In the records below, find the line with "Queen size clean" and repeat it and every line after it, exactly, without any pictures.

Data entries
◇ ◇ ◇
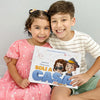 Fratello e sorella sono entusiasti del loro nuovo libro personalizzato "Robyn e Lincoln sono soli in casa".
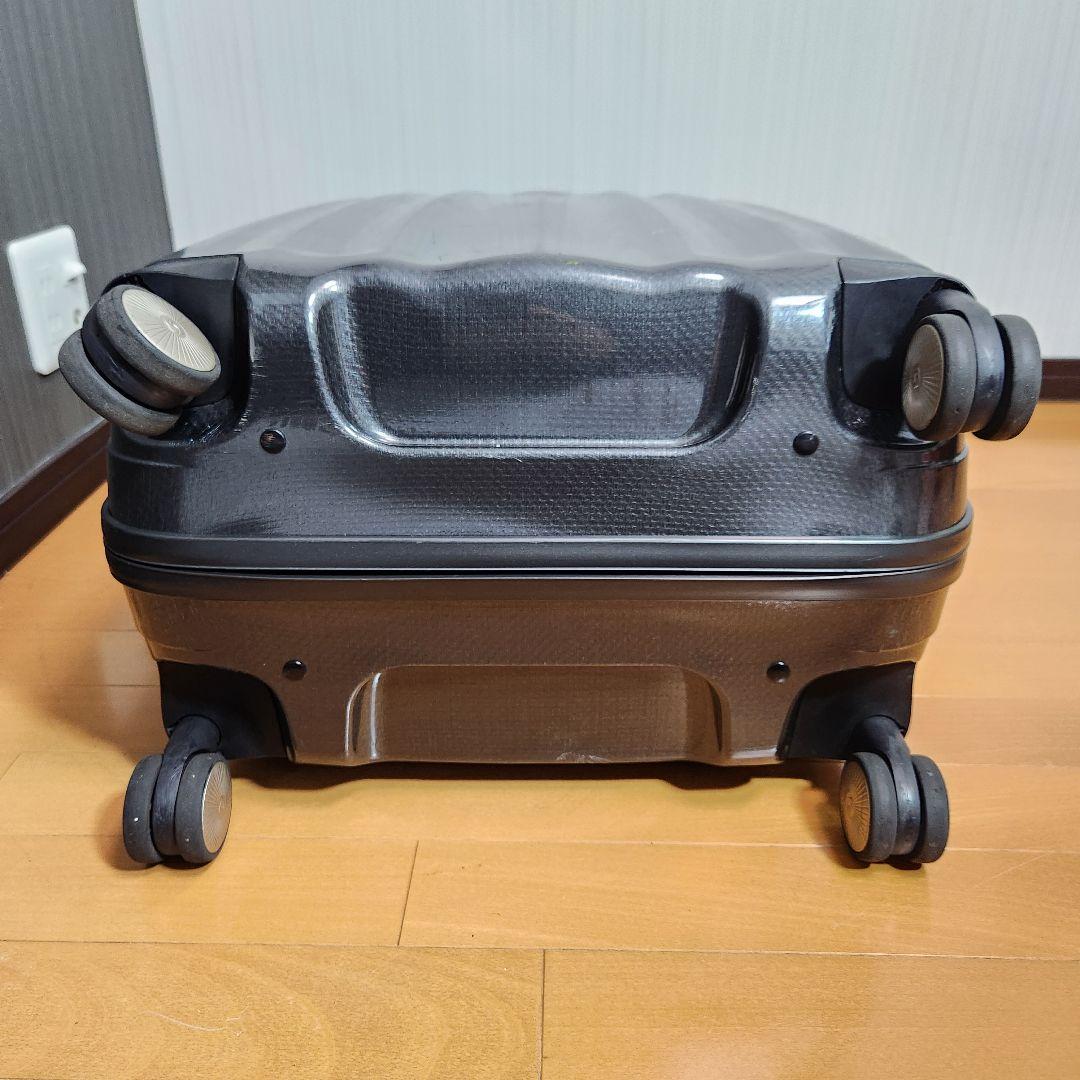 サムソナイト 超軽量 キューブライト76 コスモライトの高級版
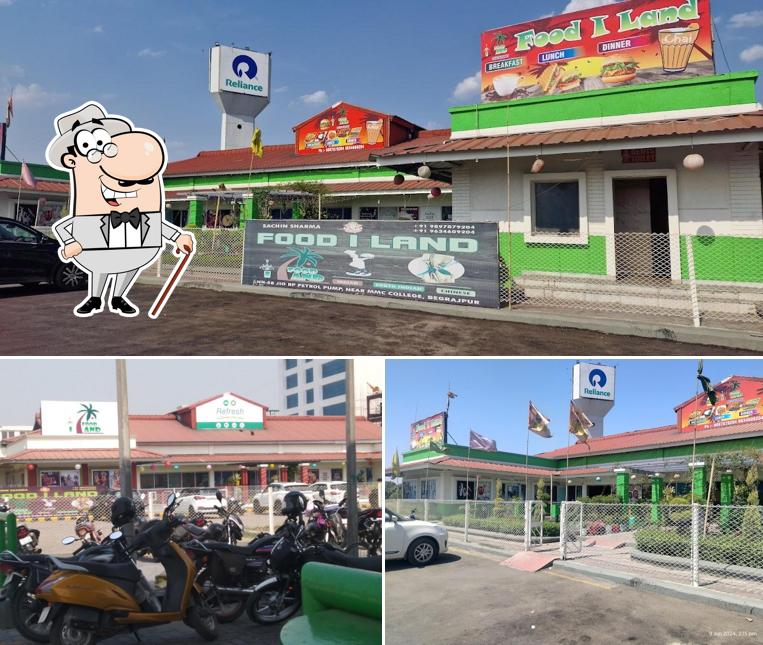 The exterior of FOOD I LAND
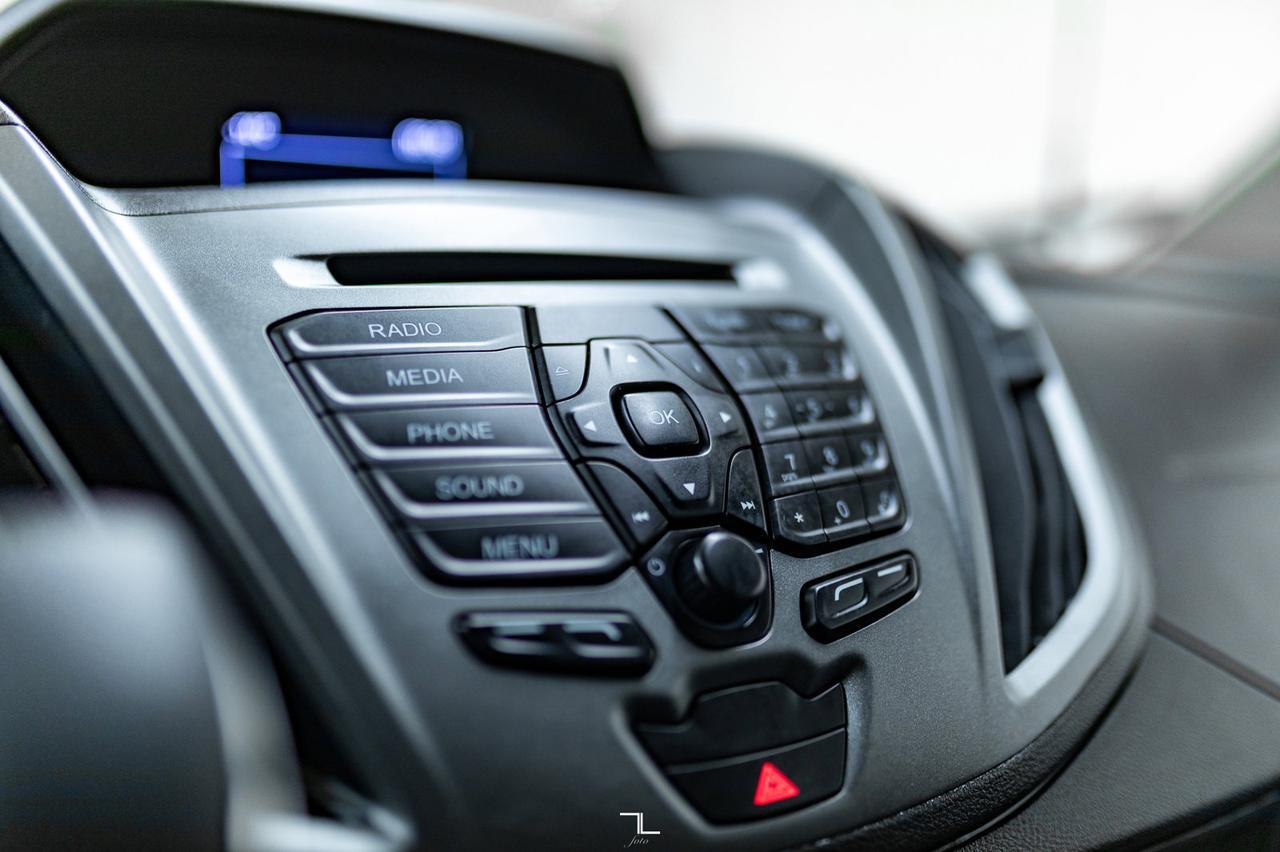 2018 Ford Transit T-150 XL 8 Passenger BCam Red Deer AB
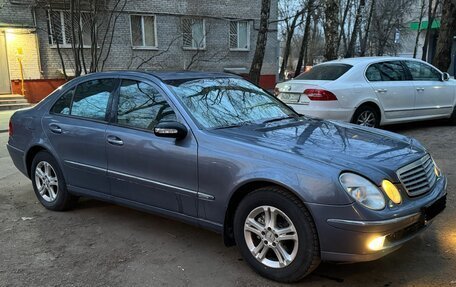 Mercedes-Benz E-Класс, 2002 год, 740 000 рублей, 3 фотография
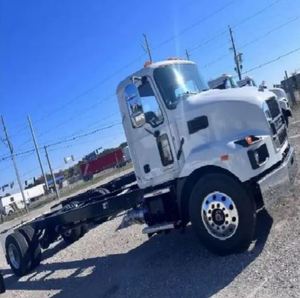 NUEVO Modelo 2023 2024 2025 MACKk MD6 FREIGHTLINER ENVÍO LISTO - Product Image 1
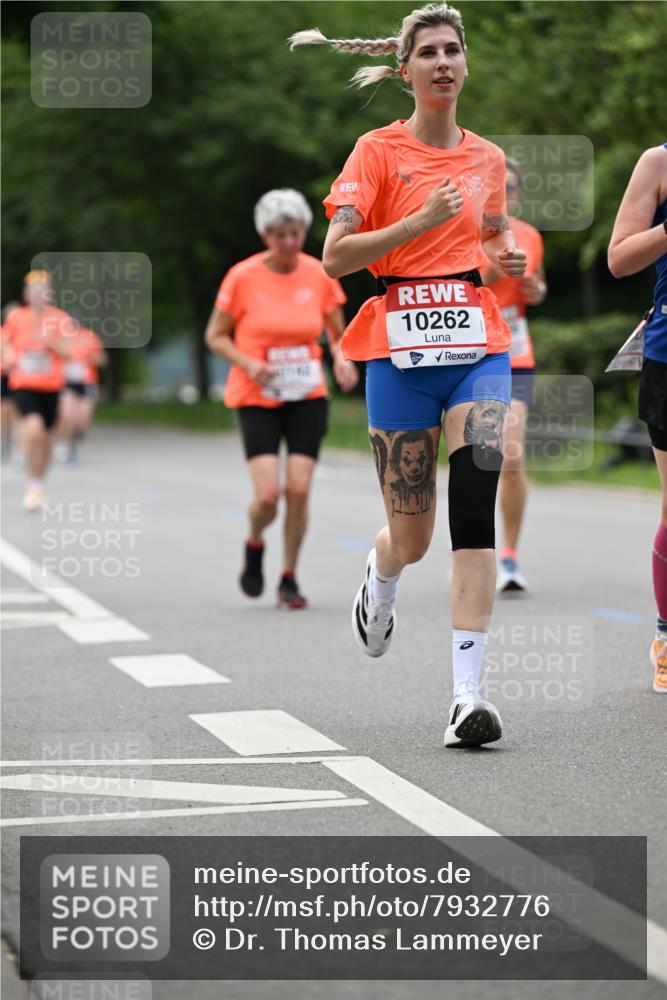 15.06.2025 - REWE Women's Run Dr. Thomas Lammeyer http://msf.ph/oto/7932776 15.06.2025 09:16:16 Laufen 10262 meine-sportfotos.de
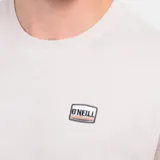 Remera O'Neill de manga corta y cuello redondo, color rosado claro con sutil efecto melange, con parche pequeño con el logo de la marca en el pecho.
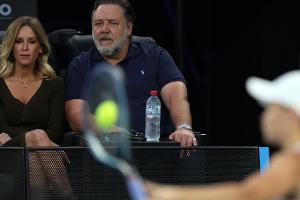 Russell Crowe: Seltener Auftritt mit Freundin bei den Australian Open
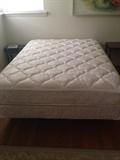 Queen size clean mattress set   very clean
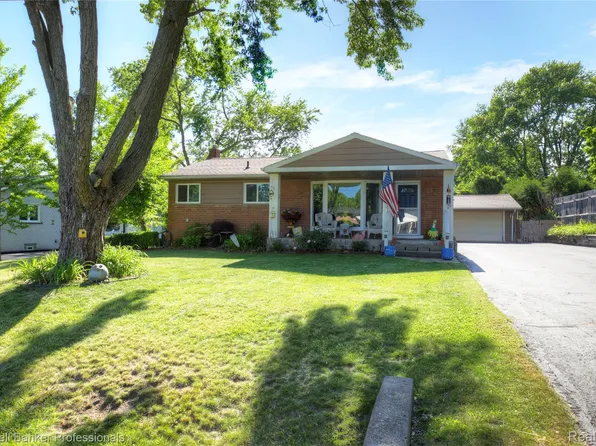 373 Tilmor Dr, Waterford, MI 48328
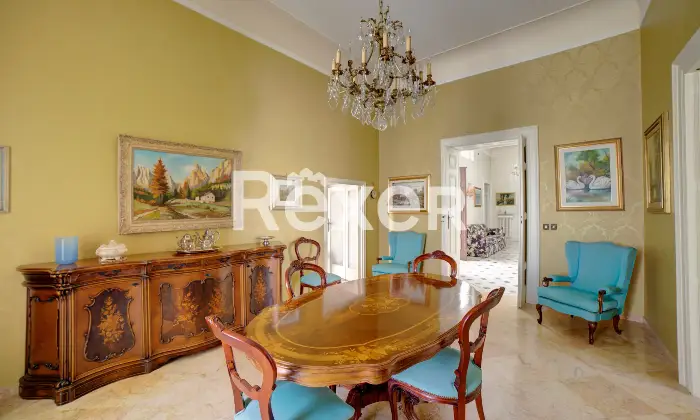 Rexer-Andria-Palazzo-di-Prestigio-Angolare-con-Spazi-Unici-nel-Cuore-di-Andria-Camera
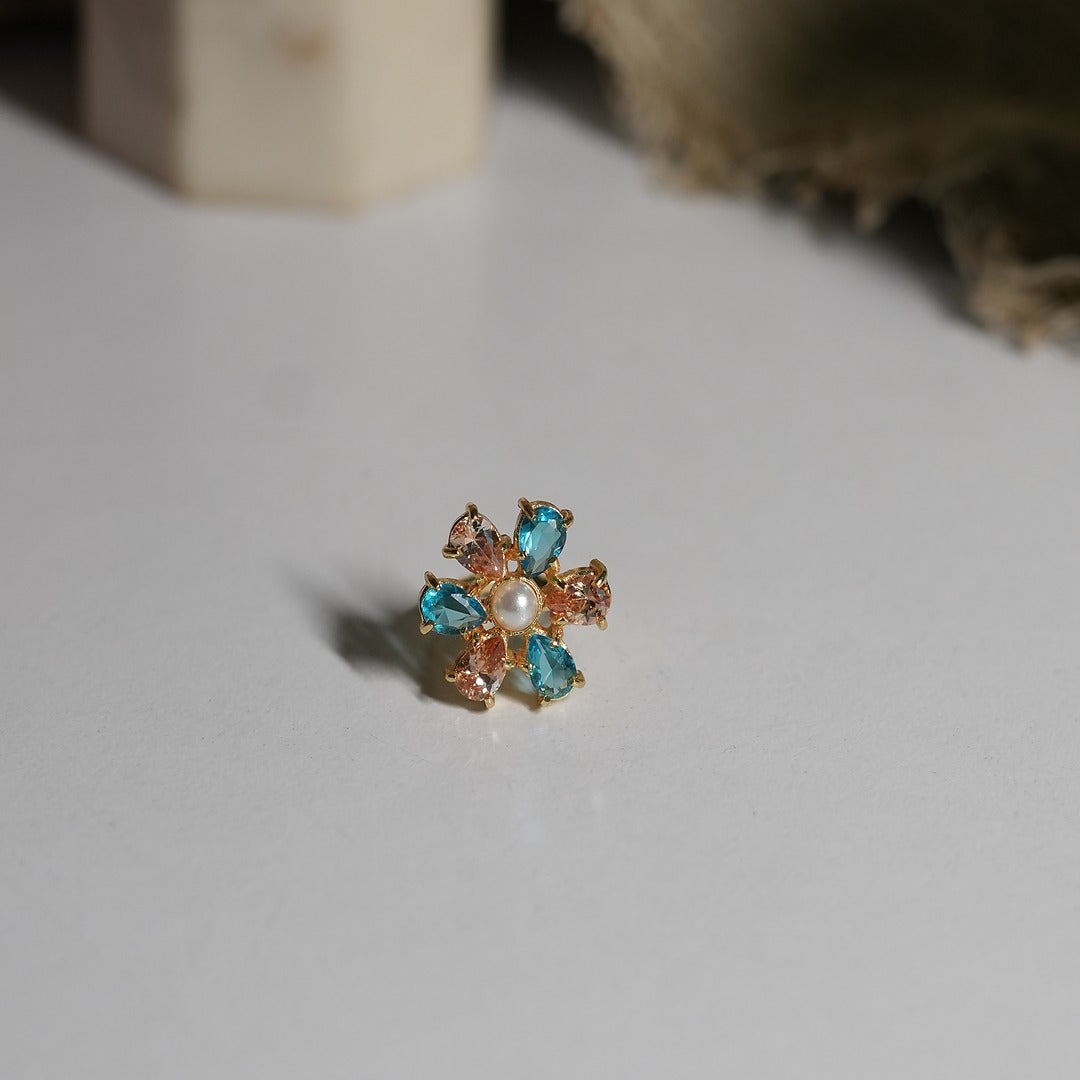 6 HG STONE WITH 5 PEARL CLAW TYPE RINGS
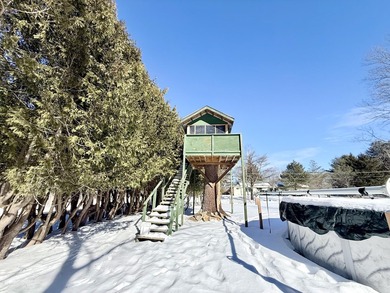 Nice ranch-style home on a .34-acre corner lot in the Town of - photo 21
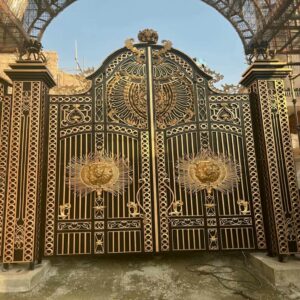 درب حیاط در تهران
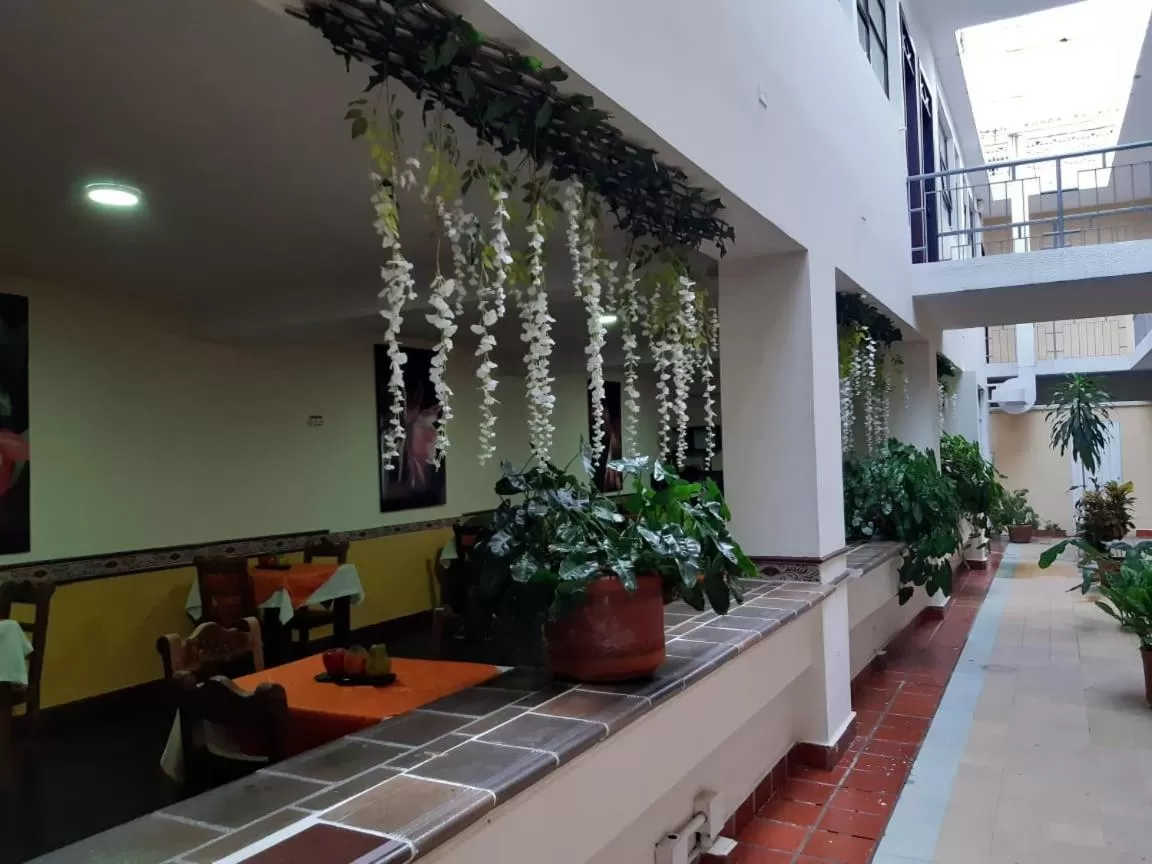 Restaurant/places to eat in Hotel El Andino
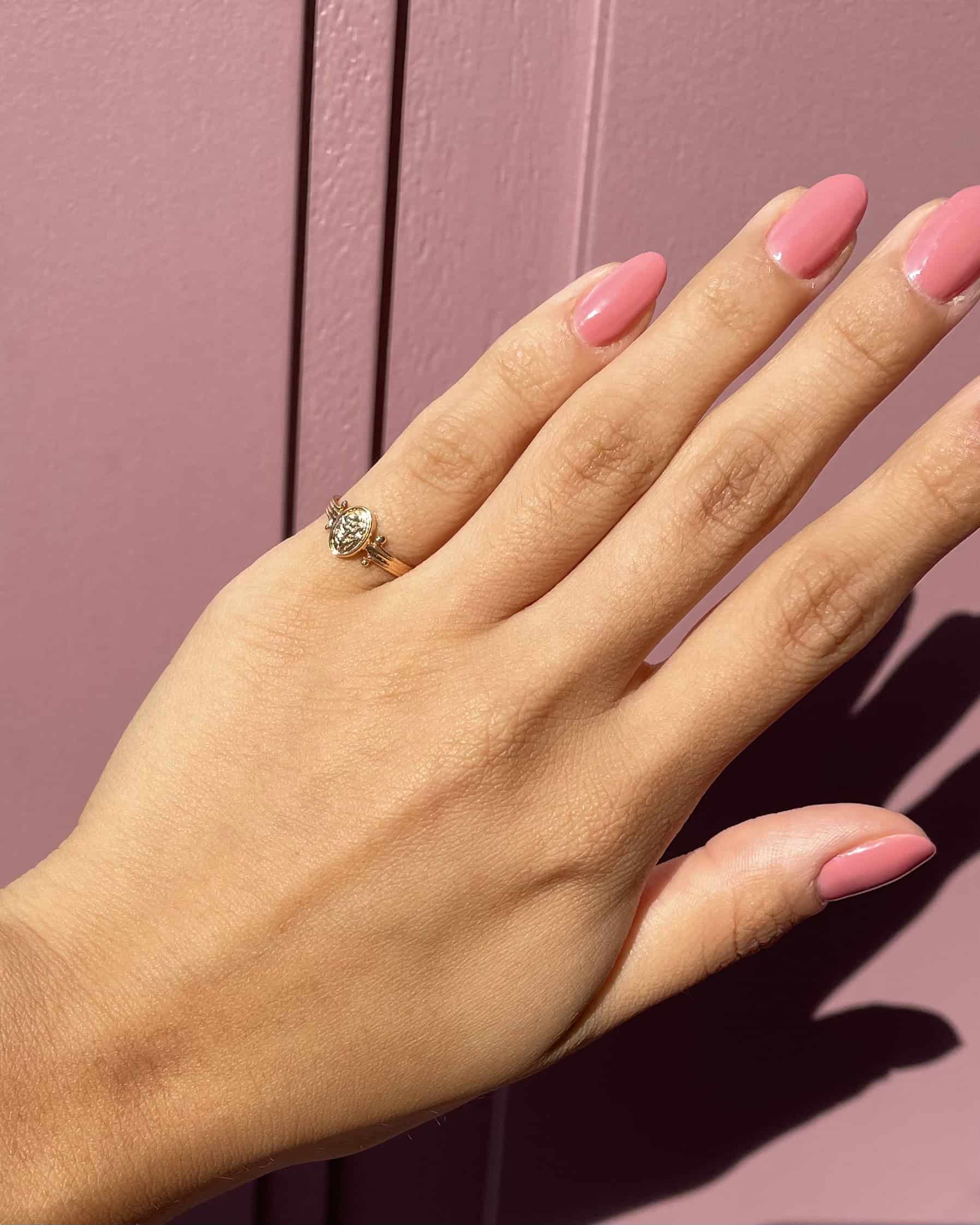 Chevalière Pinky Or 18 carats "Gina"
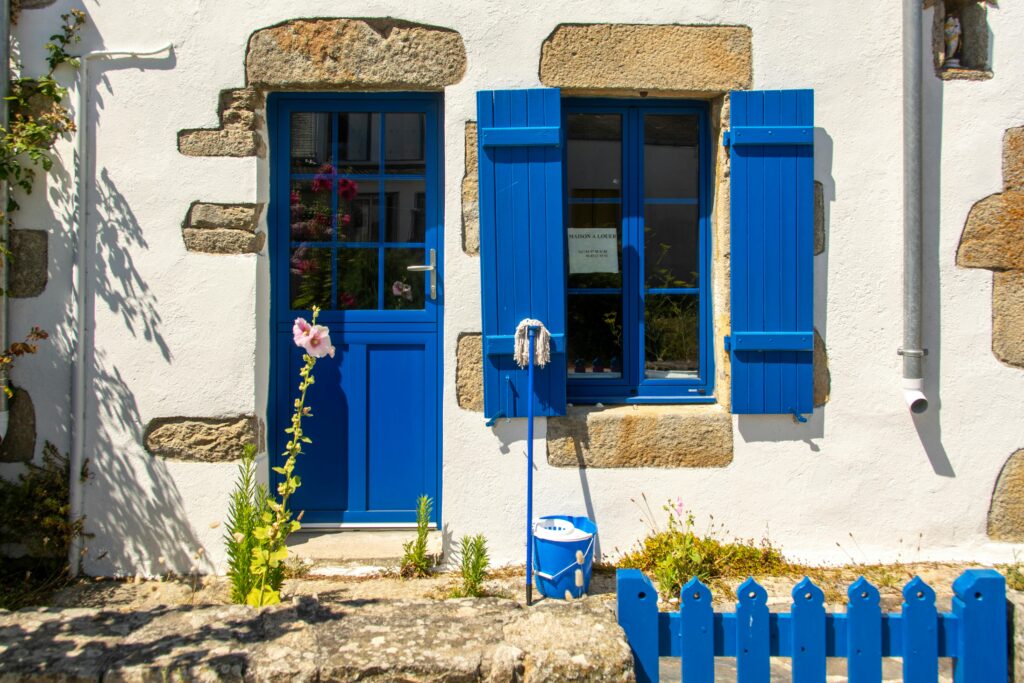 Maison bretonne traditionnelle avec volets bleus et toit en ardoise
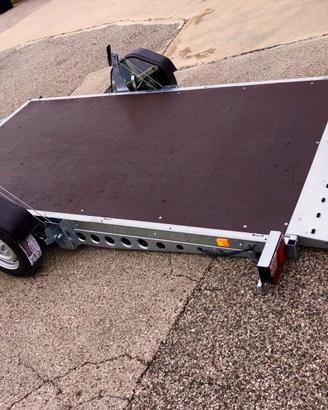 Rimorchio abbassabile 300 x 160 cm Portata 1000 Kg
◇ ◇ ◇
Task answer
 Queen size clean mattress set   very clean
 373 Tilmor Dr, Waterford, MI 48328
 Rexer-Andria-Palazzo-di-Prestigio-Angolare-con-Spazi-Unici-nel-Cuore-di-Andria-Camera
 6 HG STONE WITH 5 PEARL CLAW TYPE RINGS
 Nice ranch-style home on a .34-acre corner lot in the Town of - photo 21
 درب حیاط در تهران
 Restaurant/places to eat in Hotel El Andino
 Chevalière Pinky Or 18 carats "Gina"
 Maison bretonne traditionnelle avec volets bleus et toit en ardoise
 Rimorchio abbassabile 300 x 160 cm Portata 1000 Kg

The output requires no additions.